Definition. The class $W$ is the closure of $\{\{a\}\mid a\in V\}$ under well-ordered unions. Sets in $W$ are called "almost well-orderable sets".

The axiom $V=W$ is consistent with $\lnot\sf AC$, for example in Gitik's model, and in a large cardinals-free model, Blass' model where all ultrafilters are principal.

Theorem. If $V=W$, then there are no amorphous sets.

Proof. We define a rank function based on how many steps it requires to generate a set using well-ordered unions of singletons, call this the $W$-rank of a set. If $A$ is amorphous of minimal rank, then it is a well-ordered union of proper subsets. Since $A$ is minimally ranked, those must be finite sets, as an infinite subset of an amorphous set is amorphous. So the union must be infinite, and therefore $A$ can be mapped onto $\omega$, at the very least, which is impossible. $\square$

Theorem. If $V=W$ and $G$ is $V$-generic, then $V[G]=W^{V[G]}$.

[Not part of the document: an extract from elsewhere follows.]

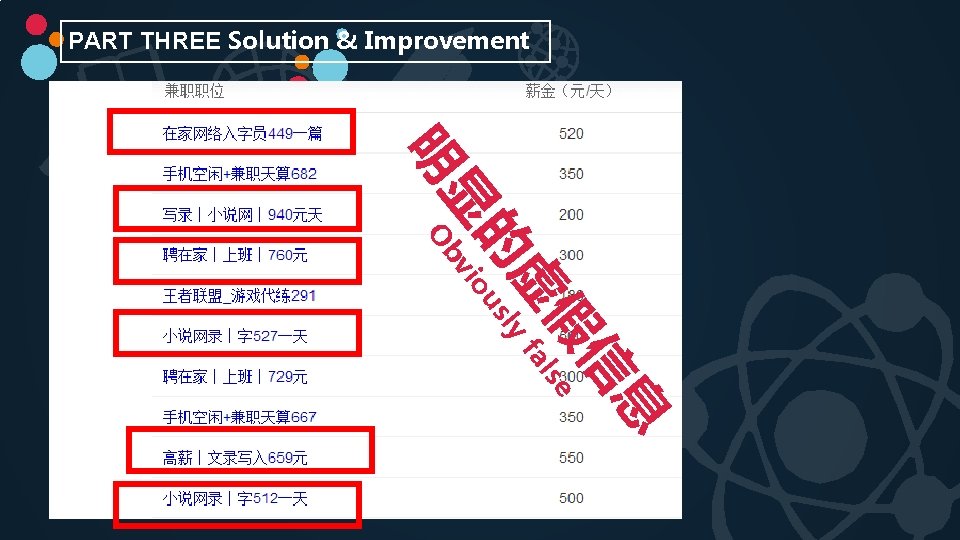 PART THREE Solution & Improvement 息 信 假 lse 虚 y fa 的 ousl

Proof. Note that there is a surjection from $V$ onto $V[G]$, definable in $V[G]$. Or, formally speaking, for every set in $V[G]$ there is a set in $V$ which maps onto it. Moreover, the closure of $\{\{a\}\mid a\in V[G]\}$ under well-ordered unions, in $V[G]$, contains $V$.

So if we show that this closure is itself closed under surjective images, we are done. This too is done by induction on the $W$-rank. If $x=\bigcup_{\alpha<\delta}x_\alpha$ and $f\colon x\to y$ is a surjection, then by the induction hypothesis $f``x_\alpha=y_\alpha$ is in the closure, and of course $y=\bigcup_{\alpha<\delta}y_\alpha$. $\square$

Finally, the wanted corollary.

Corollary. If $V=W$, then no generic extension of $V$ contains amorphous sets.

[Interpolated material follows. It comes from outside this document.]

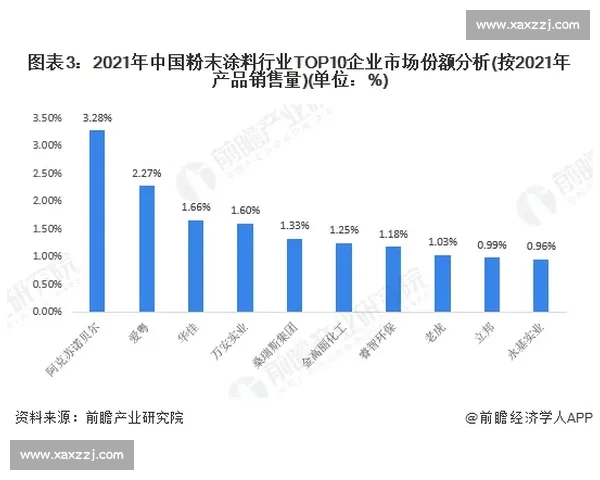 以vs金波为核心解析品牌实力对决与市场竞争新格局发展趋势洞察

On the other hand, over the Cohen model, where $W$ is the class of well-orderable sets, there is a forcing adding an amorphous set (as was shown by Monro). So while the above shows that the ridiculous conjecture is false, it is not entirely clear how ridiculous it was to begin with. Namely, can we refine it to something "more or less" in the spirit of $V\neq W$?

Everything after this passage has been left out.